Alerta Domingos Soares Franco que, no entanto, há mais trabalho a fazer. “Vou muitas vezes ao estrangeiro para saber mais sobre estes vinhos. Não há muita informação disponível nos livros e na internet. Na Geórgia, por exemplo, fazem-se estes vinhos há mais de oito mil anos”, conta o enólogo. “O vinho de talha não é um vinho para fazer dinheiro, mas sim para ganhar prestígio. A brincar, costumo dizer que tenho cinco filhos e mais um: o vinho de talha é o meu sexto filho”, acrescenta.
Para ser considerado um vinho de talha genuíno, tem que ser feito como os romanos faziam, defende Virgílio Loureiro, professor do Instituto Superior de Agronomia e consultor de vários produtores. “Há muita gente que pensa que está a fazer vinho de talha, mas que muda os seus processos. Chamam-lhe criatividade, eu chamo–lhe falta de conceito ou ignorância. Na minha opinião, estes vinhos são um símbolo da civilização mediterrânica. E ainda há bons exemplos de produtores que, no Alentejo, respeitam os hábitos milenares da presença romana.”
Em alguns (bons) restaurantes, também já se encontra vinho de talha.

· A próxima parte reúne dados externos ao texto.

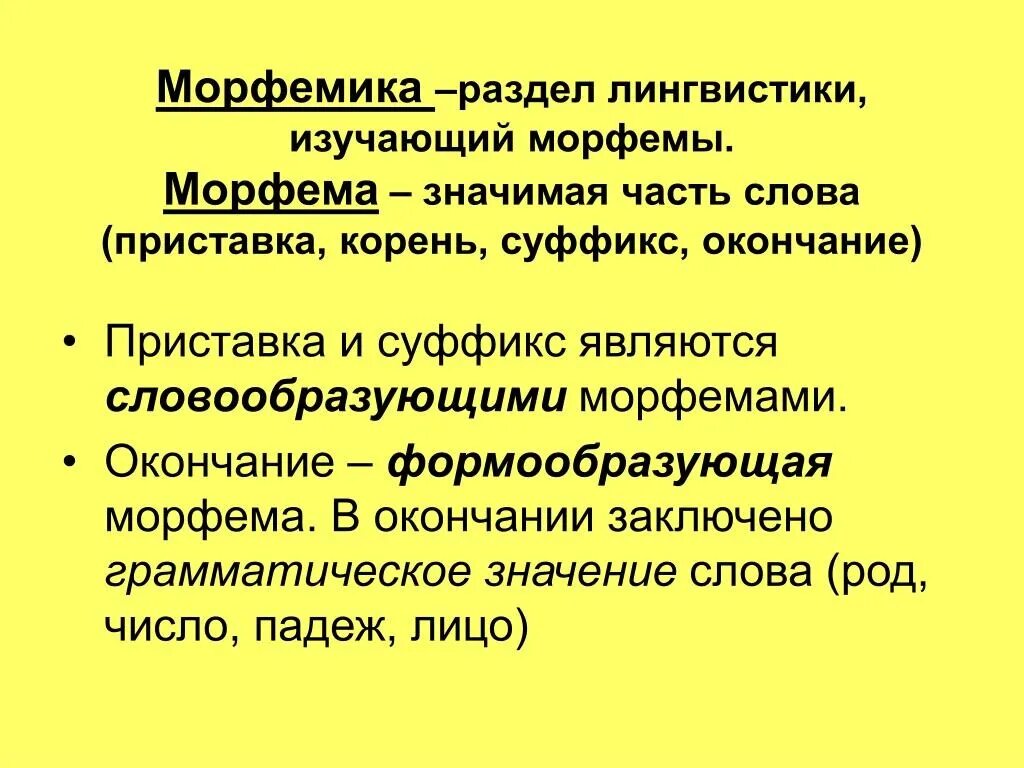 Поставили морфемы. Морфемика. Морфема и Морфемика. Морфемика как раздел лингвистики. Морфема Морфемика словообразование.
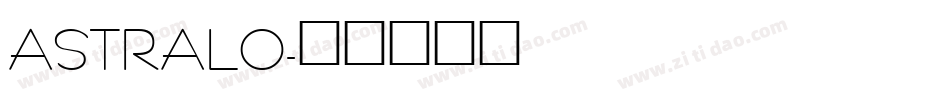 ASTRALO字体转换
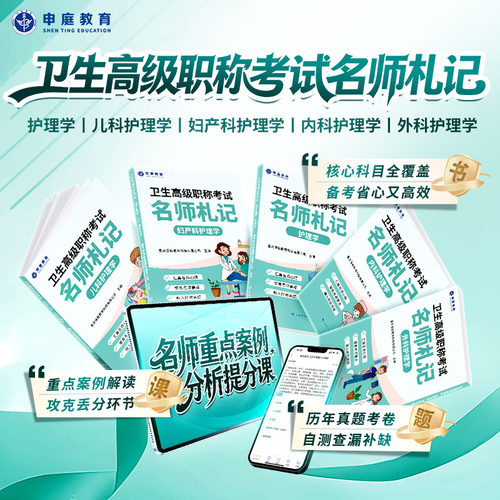 申庭教育2026年副高护理学名师札记卫生高级职称考试儿科护理学妇产科护理学内科护理学外科护理学正副高全科历年真题考试精讲课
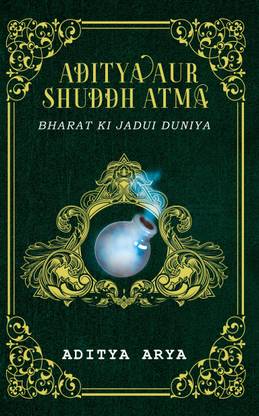 Aditya Aur Shuddh Atma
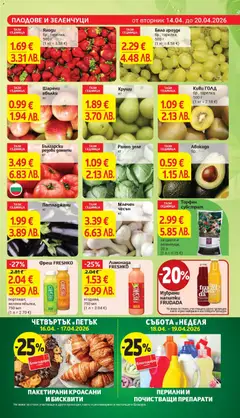 Преглед на Млечен чесън, кг - Офертите са валидни от 14.04.2026 | Страница: 8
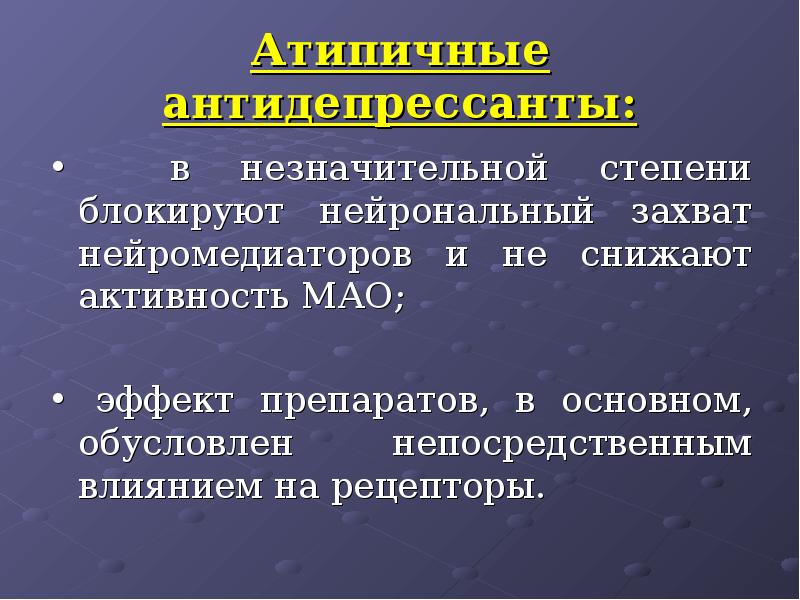 Низкая активность мао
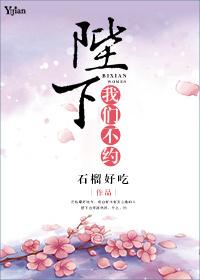 陛下不可以不 陛下不可以不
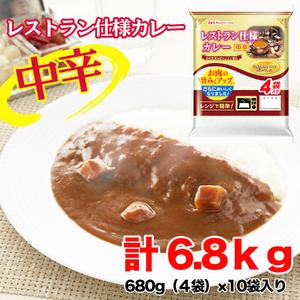 ふるさと納税 日本ハムレストラン仕様カレー中辛10袋セット(40個入り) 長崎県諫早市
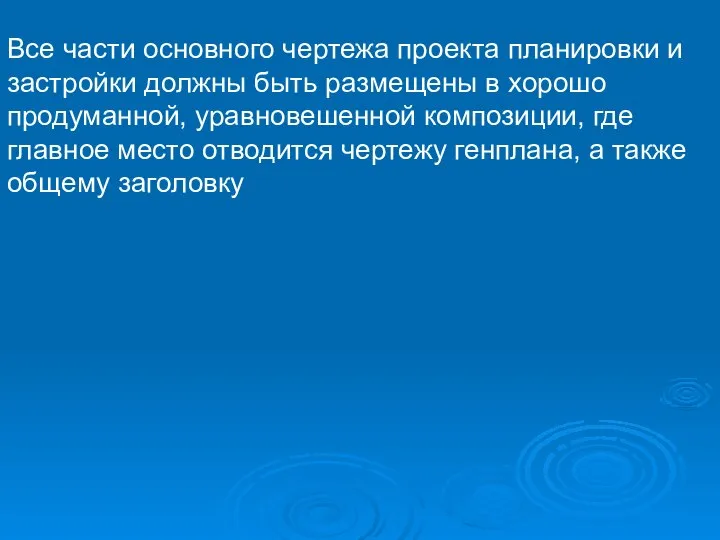 Все части основного чертежа проекта планировки и застройки должны быть размещены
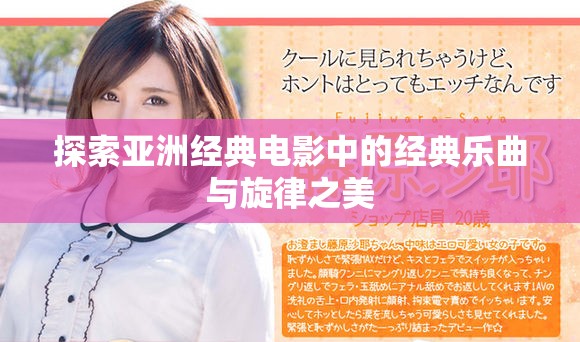 探索亞洲經典電影中的經典樂曲與旋律之美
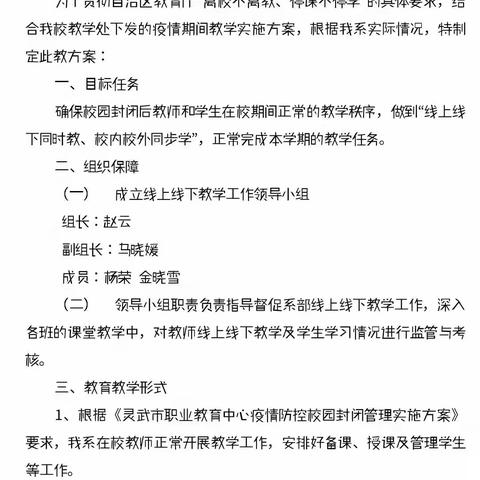 “抗疫不停学,师生共奋进”——法律事务系疫情期间教学活动纪实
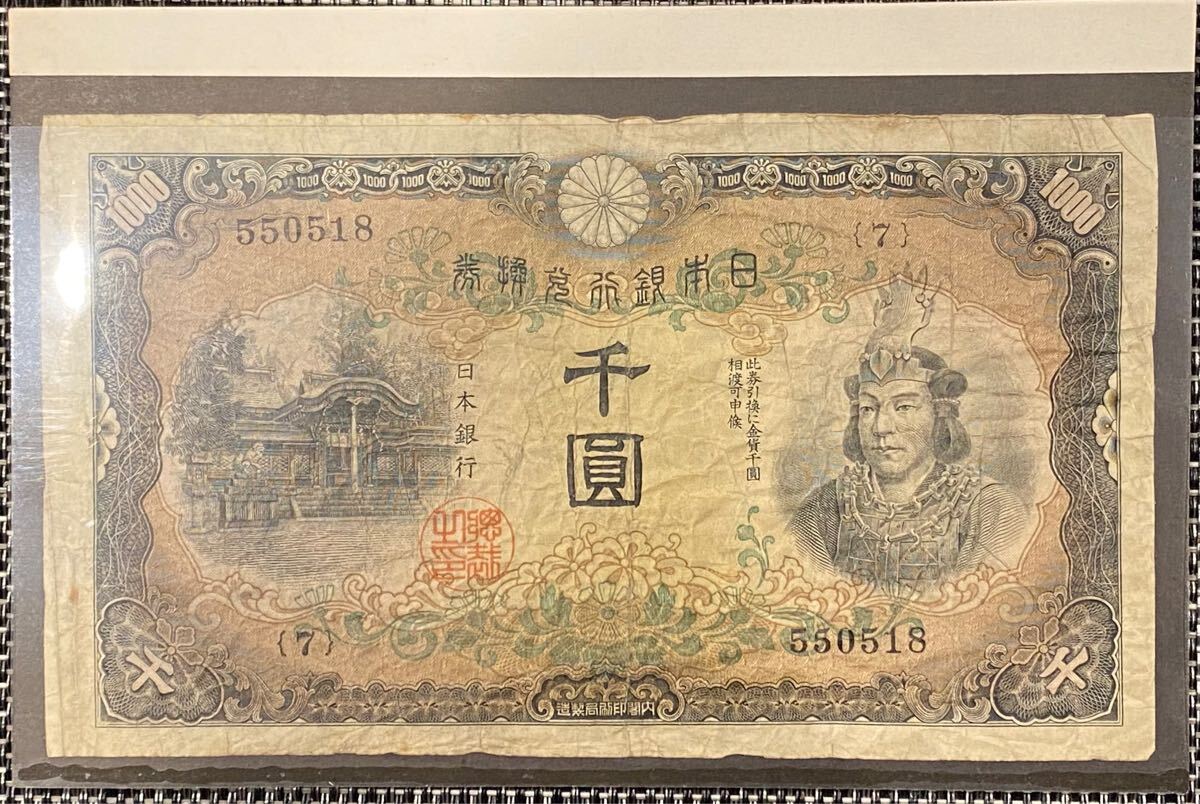 Yahoo!オークション -「日本武尊 1000円」(日本) (紙幣)の落札 Yahoo!オークション -「日本武尊 1000円」(日本) (紙幣)の落札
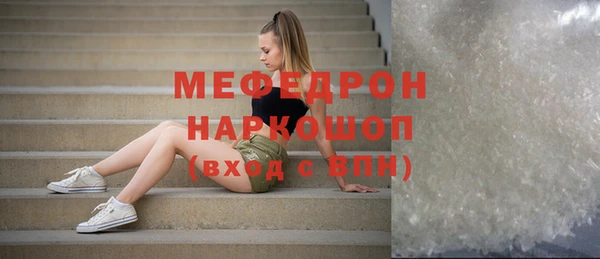 jwh Лихославль
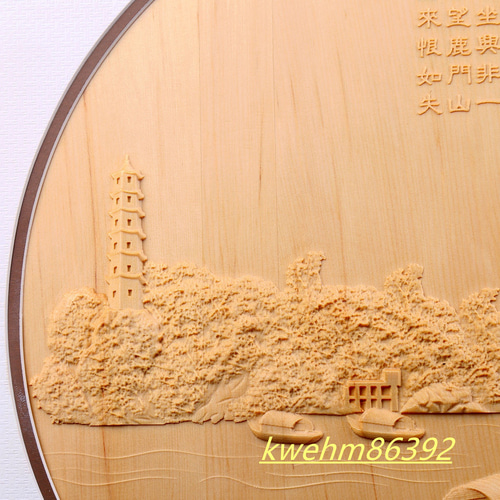 極上品 壁畫 62CM 稀少珍品 時代彫刻 彫刻工芸品 彫刻 minn 通販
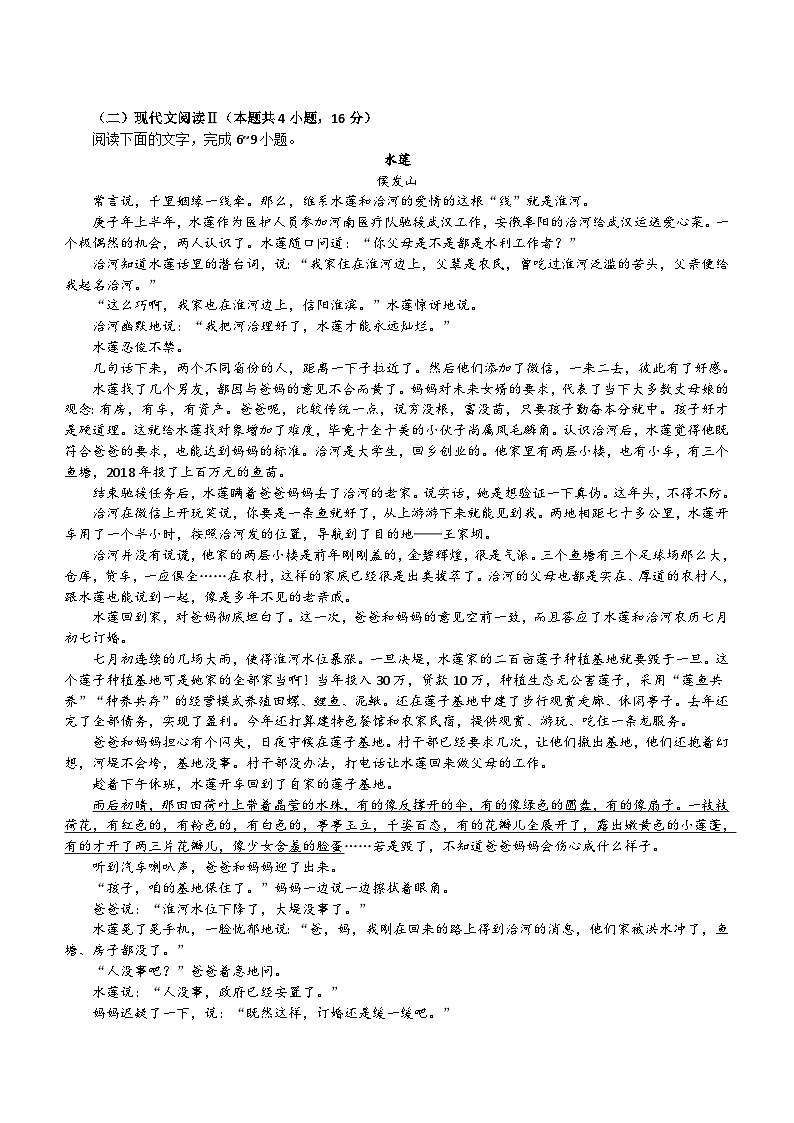 湖南省邵阳市绥宁县第一中学2022-2023学年高一下学期期末考试语文试题（含解析）03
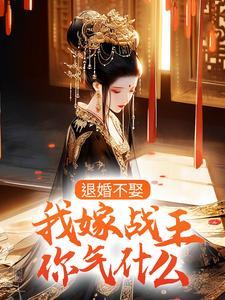 我的新郎是猛鬼在线观看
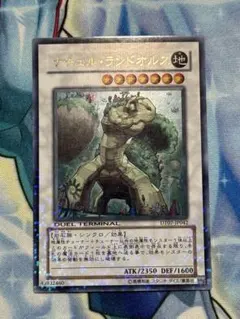 遊戯王 ナチュル・ビースト ナチュル・ランドオルス 英語版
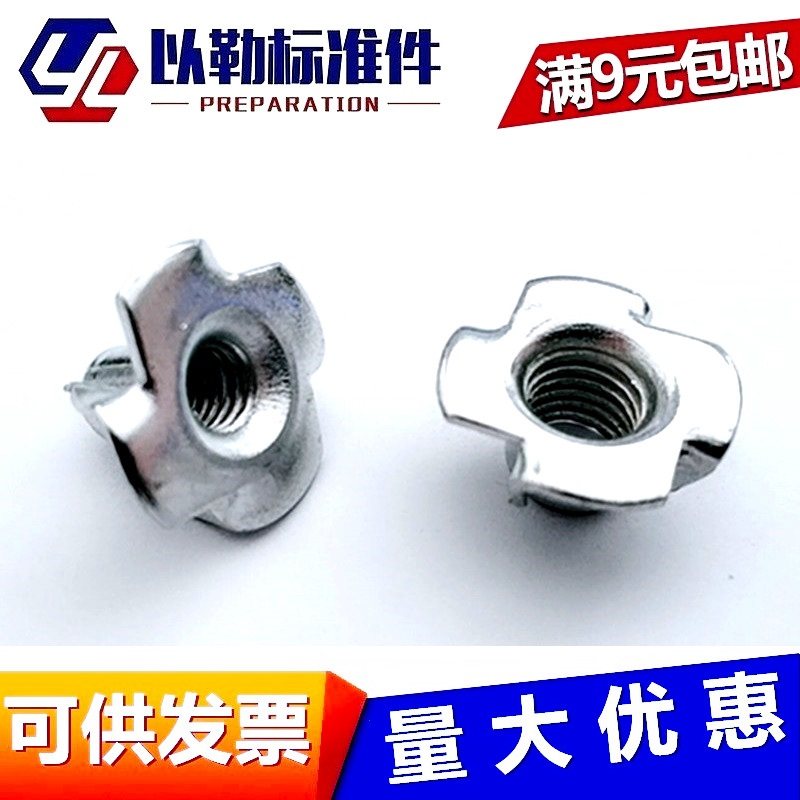 包邮 四爪螺母 爪形螺母 木板镶嵌螺帽 家具四爪螺丝 M4M5M6M8M10,鲜花速递/花卉仿真/绿植园艺,洒水/浇水壶,淘宝优惠券,粉丝福利购,淘宝优惠卷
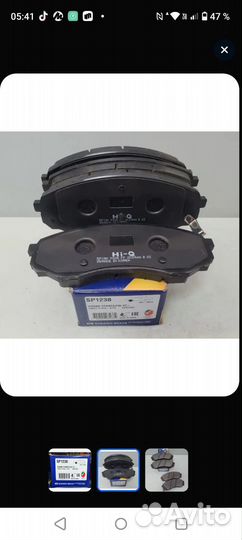 Тормозные колодки передние hyundai starex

Em Lisboa, no duas Estrelas Michelin Belcanto, de José Avillez, estão à prova duas referências: Herdade de São Miguel, de Évora, e Post Quercus Baga, feito por Filipa Pato na região da Bairrada. Já o ART.TERRA Curtimenta, também da Herdade de São Miguel, encontra-se disponível no Beco, Mini Bar, Cantina Peruana, Bairro do Avillez, Cantinho do Avillez, todos restaurantes de Lisboa. “Os clientes mais familiarizados com este vinho são os espanhóis, os italianos e os alemães. Os portugueses não o pedem por iniciativa própria, mas, quando experimentam, gostam”, explica Rodolfo Tristão, sommelier dos restaurantes do grupo Avillez. No seu entender, “trata-se de um vinho mais elegante e fácil de beber, com aromas mais puros. Combina bem com sabores tradicionalmente portugueses”.
Oleiros como antigamente
“Dantes quase todos os alentejanos faziam azeite e vinho de talha nas suas adegas, mesmo os das famílias mais carenciadas.” Quem o conta é Augusto Palhaço, presidente da Vitifrades – Associação de Desenvolvimento Local, criada há 20 anos, em Vila de Frades, concelho da Vidigueira. O vinho servia para consumo próprio, era um pretexto para brindar e petiscar com os amigos. Ao longo dos anos, deixou-se de produzir tanto e, por isso, centenas de talhas foram destruídas de modo a ganhar espaço nas adegas. “Há talhas pequenas para 200 litros, outras maiores para 1600 a 1800”, explica Augusto Palhaço. Entretanto, a tradição foi recuperada e, hoje, as talhas maiores podem chegar aos 1500 euros.
Há 20 anos que a Vitifrades organiza um concurso em torno do vinho de talha, promovendo provas cegas e premiando as melhores referências da região. “Quando começámos, tínhamos 26 vinhos, agora temos 186”, conta o presidente da associação. Vila de Frades (considerada, desde 2008, a Capital do Vinho de Talha), Vila Alva, Cuba e Vidigueira são as quatro terras onde se produz mais vinho de talha. “Só nos concelhos de Vidigueira e de Cuba, contam-se cerca de 80 pequenos produtores”, diz. Para promover e proteger o vinho de talha, já foi apresentada a candidatura a Património da Humanidade.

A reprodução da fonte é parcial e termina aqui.